Menurut Ketua STPMD APMD, Sutoro Eko Yunanto, ilmu pemerintahan yang berkembang di Indonesia dipengaruhi oleh Mazhab Eropa kontinental dan Anglo Saxon. "Mazhab Eropa kontinental mempersepsi ilmu pemerintah identik dengan birokrasi. Sementara itu Mazhab Anglo Saxon mempersepsi ilmu pemerintahan bagian dari ilmu politik (administrasi negara). Ironinya para ilmuwan politik dan pemerintahan menerima nilai-nilai tersebut tanpa mempertanyakan atau mengkritisnya," kata Sutoro saat acara Webinar Nasional #1 dengan topik "Membingkai Ulang Ilmu Pemerintahan", Rabu (17/2).
Acara yang diselenggarakan STPMD APMD bekerja sama dengan Kesatuan Program Studi Ilmu Pemerintahan Indonesia (KAPSIPI) dan Asosiasi Dosen Ilmu Pemerintahan Seluruh Indonesia (ADIPSI) dan diikuti sebanyak 268 dosen dan mahasiswa Ilmu Pemerintahan dari seluruh Indonesia. Ketua panitia, Guno Tri Tjahjoko, mengatakan tujuan webinar ini ialah mencari masukan untuk membingkai ulang Ilmu Pemerintahan yang khas Indonesia yang berpihak pada rakyat dan desa.
Sementara itu, dalam paparannya, Guru Besar FISIP Universitas Padjajaran, Prof Utang Suwaryo mengungkapkan Indonesia bisa menciptakan mazhab sendiri yang berbeda. "Dan itu dalam dunia ilmu merupakan suatu hal yang wajar, karena ilmu lahir dari pemikiran dan penelitian tentang dunia empiris.
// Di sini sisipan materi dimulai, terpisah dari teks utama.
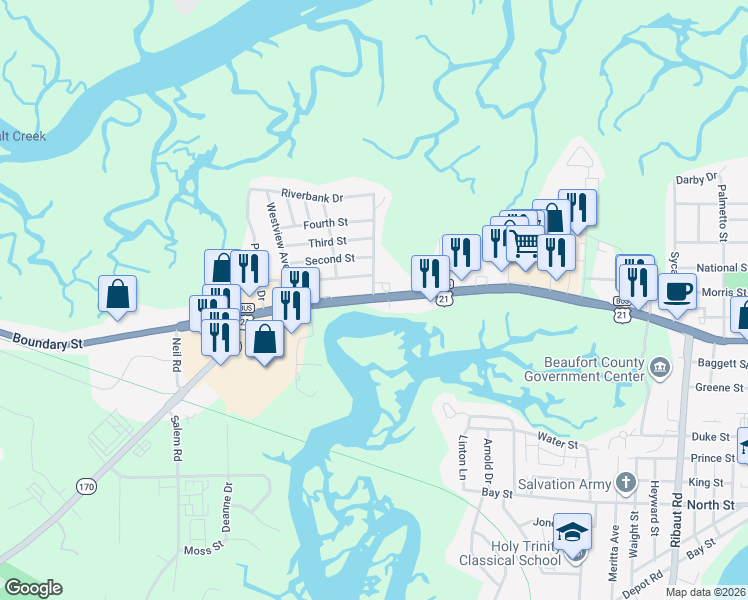map of restaurants, bars, coffee shops, grocery stores, and more near Boundary Street in Beaufort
Dengan demikian pola pikir kita tidak tergantung, tidak terpaku, atau didikte oleh kubu atau mazhab yang ada," kata Ketua Umum KAPSIPI ini.
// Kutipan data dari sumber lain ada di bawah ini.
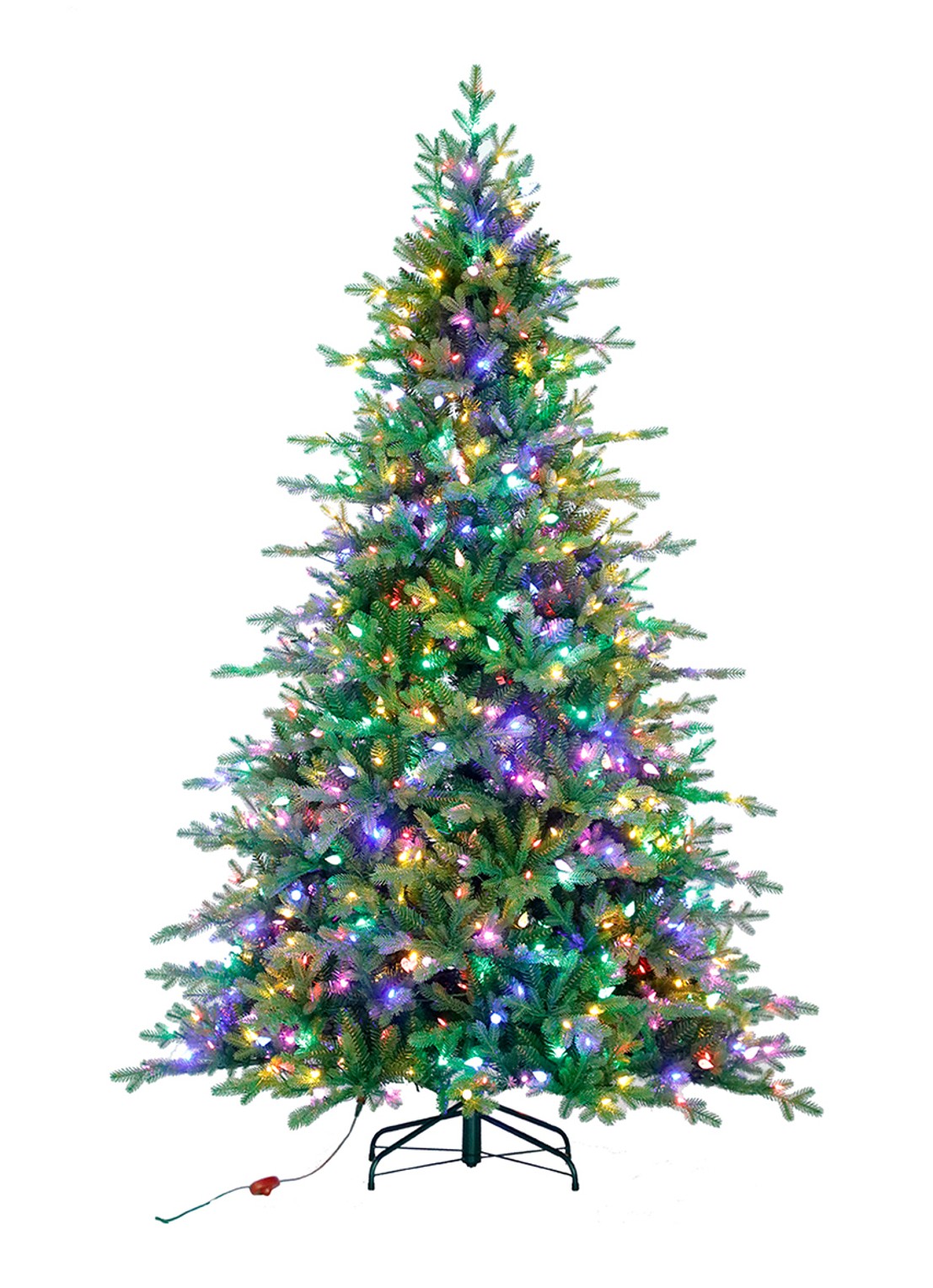 Van Der Gucht Vienna Fir kunstkerstboom met LED verlichting 228 cm - voorkant donkergroen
Selaras dengan hal tersebut, Dosen Ilmu Pemerintahan Universitas Muhammadiyah Yogyakarta (UMY), Titin Purwaningsih menyampaikan tentang Ilmu Pemerintahan dari Perspektif Anglo Saxon. Ia memaparkan kaitan antara Ilmu Pemerintahan dengan Administrasi Negara.
"Ilmu Pemerintahan dianggap sebagai Ilmu Administrasi Negara. Dalam struktur pemerintahan, terdapat pemimpin dan staf. Secara umum, banyak muncul School of Government, namun kajiannya lebih ke administrasi publik daripada ilmu pemerintahan," katanya.
Adapun Guru Besar Ilmu Pemerintahan Fisipol UGM, Prof Purwo Santoso menyatakan membingkai ulang Ilmu Pemerintahan dimulai dari governance and policy making yang memiliki kekhasan cara memaknai dan menggeluti kebijakan. "Hal ini terfokus pada interaksi kontekstual dalam menggeluti isu tertentu. Perjalanan dari decision making kemudian policy making menuju metapolicy making. Governance sebagai metapolicy (kebijakan tentang kebijakan-Red)," ujarnya.